§ WORK REQUIRED
Look through the material below and copy exactly the lines from the line with "The main problem" to the line with "Butt welds should", those two lines included.

——

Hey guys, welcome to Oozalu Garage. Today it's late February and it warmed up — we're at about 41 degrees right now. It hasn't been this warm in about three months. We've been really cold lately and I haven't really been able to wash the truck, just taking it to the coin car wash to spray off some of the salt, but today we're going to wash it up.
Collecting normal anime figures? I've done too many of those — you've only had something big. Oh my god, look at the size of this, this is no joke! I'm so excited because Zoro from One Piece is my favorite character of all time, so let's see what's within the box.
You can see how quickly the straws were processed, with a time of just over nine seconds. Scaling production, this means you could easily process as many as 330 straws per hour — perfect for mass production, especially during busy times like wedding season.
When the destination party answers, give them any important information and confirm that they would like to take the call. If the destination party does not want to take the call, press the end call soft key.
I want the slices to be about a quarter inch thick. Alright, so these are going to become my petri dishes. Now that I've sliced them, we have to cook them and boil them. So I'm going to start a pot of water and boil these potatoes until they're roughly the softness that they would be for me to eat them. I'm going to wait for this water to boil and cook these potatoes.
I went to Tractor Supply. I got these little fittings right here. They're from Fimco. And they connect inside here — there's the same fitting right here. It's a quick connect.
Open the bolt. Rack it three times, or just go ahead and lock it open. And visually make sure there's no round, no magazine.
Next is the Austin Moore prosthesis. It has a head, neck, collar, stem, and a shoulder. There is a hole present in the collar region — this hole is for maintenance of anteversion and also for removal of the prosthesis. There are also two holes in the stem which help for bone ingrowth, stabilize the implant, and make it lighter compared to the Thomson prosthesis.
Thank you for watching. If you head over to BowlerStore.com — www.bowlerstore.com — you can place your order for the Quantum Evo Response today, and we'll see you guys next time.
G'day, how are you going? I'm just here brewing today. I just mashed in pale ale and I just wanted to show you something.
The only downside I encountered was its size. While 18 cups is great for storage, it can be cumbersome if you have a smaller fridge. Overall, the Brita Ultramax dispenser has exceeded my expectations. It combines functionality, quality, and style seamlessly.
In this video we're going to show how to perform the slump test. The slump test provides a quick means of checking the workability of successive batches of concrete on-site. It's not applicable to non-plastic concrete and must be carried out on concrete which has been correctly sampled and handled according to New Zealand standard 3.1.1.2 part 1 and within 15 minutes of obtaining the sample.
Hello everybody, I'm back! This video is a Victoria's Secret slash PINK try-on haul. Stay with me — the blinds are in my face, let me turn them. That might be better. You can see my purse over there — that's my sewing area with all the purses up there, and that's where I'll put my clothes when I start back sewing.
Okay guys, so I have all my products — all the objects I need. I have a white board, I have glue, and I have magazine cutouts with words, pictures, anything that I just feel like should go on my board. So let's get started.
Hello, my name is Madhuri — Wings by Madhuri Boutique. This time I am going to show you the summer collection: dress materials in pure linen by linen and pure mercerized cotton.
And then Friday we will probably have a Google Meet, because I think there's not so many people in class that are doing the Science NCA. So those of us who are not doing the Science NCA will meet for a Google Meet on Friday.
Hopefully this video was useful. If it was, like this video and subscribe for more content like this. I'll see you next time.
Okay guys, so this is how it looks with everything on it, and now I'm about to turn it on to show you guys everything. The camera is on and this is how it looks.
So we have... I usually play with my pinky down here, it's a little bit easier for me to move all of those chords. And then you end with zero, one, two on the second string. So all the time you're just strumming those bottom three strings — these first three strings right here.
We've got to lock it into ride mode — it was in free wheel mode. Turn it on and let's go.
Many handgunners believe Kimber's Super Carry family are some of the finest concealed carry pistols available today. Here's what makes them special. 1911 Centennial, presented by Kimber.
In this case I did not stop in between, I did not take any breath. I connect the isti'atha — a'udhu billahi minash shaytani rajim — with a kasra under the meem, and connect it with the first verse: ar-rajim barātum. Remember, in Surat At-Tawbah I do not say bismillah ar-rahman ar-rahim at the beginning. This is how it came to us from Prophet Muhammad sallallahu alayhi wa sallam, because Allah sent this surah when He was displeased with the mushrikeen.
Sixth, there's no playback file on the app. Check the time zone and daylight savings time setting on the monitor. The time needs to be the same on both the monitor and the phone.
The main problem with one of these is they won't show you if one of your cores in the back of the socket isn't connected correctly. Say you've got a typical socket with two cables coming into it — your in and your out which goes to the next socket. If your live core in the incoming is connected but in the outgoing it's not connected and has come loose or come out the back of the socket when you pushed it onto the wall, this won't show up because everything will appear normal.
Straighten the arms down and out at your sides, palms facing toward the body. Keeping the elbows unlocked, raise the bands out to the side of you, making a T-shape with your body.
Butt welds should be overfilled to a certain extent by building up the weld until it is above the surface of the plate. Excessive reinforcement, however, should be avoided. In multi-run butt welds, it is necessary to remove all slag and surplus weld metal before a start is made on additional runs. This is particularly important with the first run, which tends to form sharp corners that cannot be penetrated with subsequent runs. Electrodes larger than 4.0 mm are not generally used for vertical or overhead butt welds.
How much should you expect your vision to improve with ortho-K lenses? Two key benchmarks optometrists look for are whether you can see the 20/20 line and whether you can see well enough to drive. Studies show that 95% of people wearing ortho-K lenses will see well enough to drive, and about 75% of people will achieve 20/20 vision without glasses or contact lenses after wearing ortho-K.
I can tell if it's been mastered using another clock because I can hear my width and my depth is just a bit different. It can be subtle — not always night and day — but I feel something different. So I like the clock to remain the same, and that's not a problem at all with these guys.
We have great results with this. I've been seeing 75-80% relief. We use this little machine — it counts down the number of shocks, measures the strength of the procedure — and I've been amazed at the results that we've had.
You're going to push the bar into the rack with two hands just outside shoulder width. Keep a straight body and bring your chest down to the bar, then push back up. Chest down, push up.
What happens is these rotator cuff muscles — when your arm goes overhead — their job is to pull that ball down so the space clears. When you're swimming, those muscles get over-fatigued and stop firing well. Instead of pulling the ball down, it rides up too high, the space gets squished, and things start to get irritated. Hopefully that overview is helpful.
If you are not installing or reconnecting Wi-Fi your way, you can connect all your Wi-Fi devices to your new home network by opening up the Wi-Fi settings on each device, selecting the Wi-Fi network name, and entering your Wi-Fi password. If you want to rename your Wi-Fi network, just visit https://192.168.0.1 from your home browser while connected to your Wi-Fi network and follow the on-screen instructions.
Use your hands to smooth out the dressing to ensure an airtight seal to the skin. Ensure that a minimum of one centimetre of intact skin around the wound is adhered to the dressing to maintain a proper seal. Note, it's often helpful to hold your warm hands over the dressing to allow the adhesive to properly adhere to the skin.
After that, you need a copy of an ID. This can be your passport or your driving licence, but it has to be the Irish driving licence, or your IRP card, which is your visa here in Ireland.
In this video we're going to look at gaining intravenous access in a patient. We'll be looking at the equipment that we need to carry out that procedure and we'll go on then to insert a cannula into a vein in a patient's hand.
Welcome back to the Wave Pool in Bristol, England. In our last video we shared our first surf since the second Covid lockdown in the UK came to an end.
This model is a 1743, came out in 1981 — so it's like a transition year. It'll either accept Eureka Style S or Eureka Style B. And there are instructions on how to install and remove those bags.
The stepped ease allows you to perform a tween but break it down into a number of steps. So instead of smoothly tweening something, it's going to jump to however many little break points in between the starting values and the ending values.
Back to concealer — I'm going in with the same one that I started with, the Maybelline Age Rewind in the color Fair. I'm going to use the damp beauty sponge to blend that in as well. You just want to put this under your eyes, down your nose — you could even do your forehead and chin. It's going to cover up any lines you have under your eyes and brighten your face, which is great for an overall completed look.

——

§ RESPONSE
The main problem with one of these is they won't show you if one of your cores in the back of the socket isn't connected correctly. Say you've got a typical socket with two cables coming into it — your in and your out which goes to the next socket. If your live core in the incoming is connected but in the outgoing it's not connected and has come loose or come out the back of the socket when you pushed it onto the wall, this won't show up because everything will appear normal.
Straighten the arms down and out at your sides, palms facing toward the body. Keeping the elbows unlocked, raise the bands out to the side of you, making a T-shape with your body.
Butt welds should be overfilled to a certain extent by building up the weld until it is above the surface of the plate. Excessive reinforcement, however, should be avoided. In multi-run butt welds, it is necessary to remove all slag and surplus weld metal before a start is made on additional runs. This is particularly important with the first run, which tends to form sharp corners that cannot be penetrated with subsequent runs. Electrodes larger than 4.0 mm are not generally used for vertical or overhead butt welds.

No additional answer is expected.